I had the pleasure of meeting many lontti’s throughout the recruitment process and one thing that stood out to me was how I never felt that there was a power structure. With this, I mean that I was met with positivity, kindness and compassion, that created a high level of trust in CCEA. The interviews were never interrogations, rather they were pleasant discussions where we got to know each other as people. It was okay to be vulnerable, it was okay to be human.

3. Equal personality assessment

Finally, I want to highlight what a difference it makes when all employees are equally evaluated when joining a team. Though, I wasn’t applying for the higher positions I still went through a very thorough assessment. I would be lying if I claimed that the personality assessment wasn’t a somewhat thrilling experience, but in hindsight I wouldn’t want it any other way. By going through the personality assessment, it gave me courage and confidence in my own capabilities. At CCEA personal development is highly encouraged and this was already visible during the recruitment process.

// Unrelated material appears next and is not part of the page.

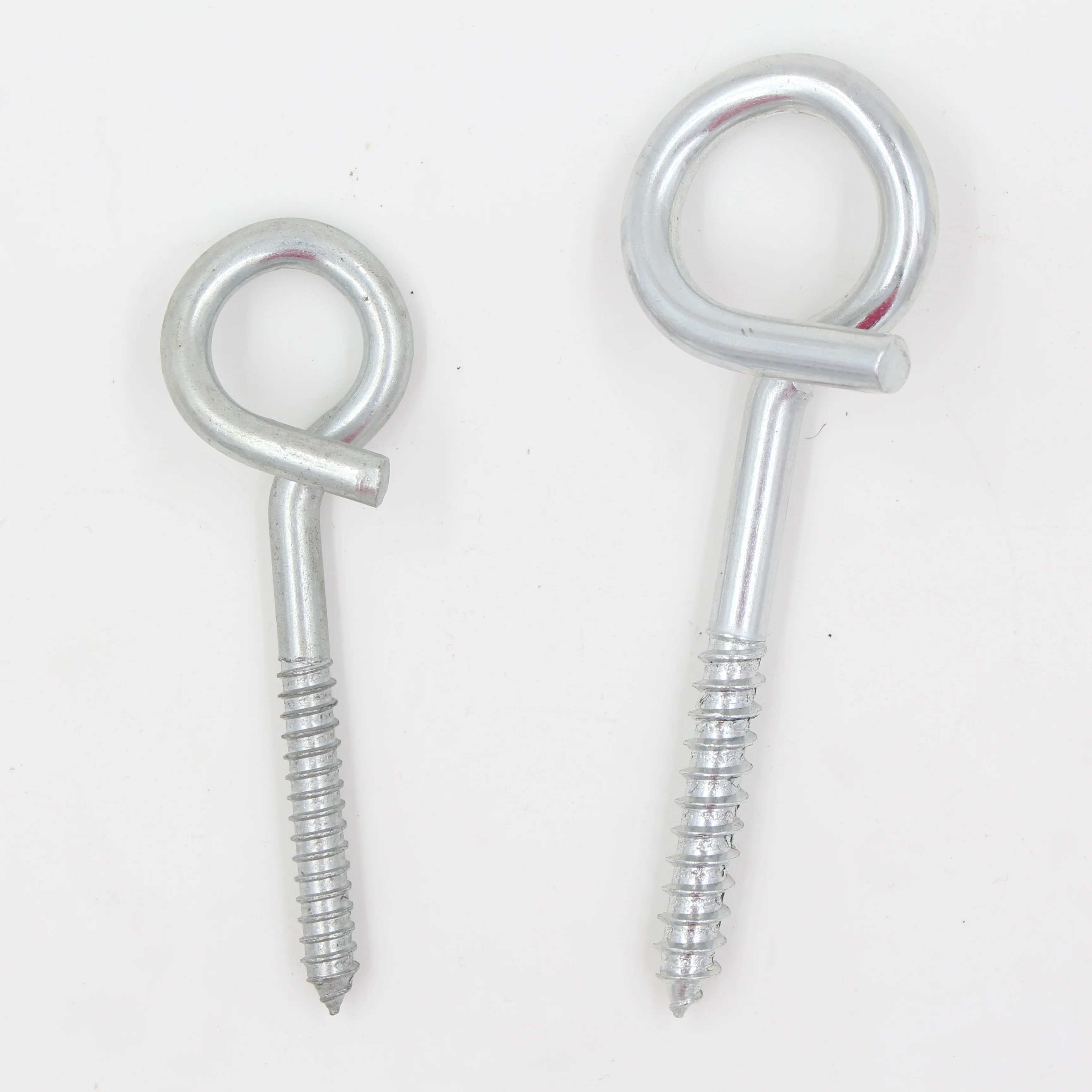 
10 x PIGTAIL SWING HOOKS SCREW WITH ZINC PLATED STEEL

To conclude this text, I’d like to highlight how a significant part of successful recruiting is creating a space where the applicant isn’t afraid of being judged or misunderstood. This will not only benefit the applicant but also the recruiting organization, as it is more likely to get a realistic picture of the applicant if they feel safe to show who they are. When recruitment processes are conducted well, applicants leave feeling empowered and motivated.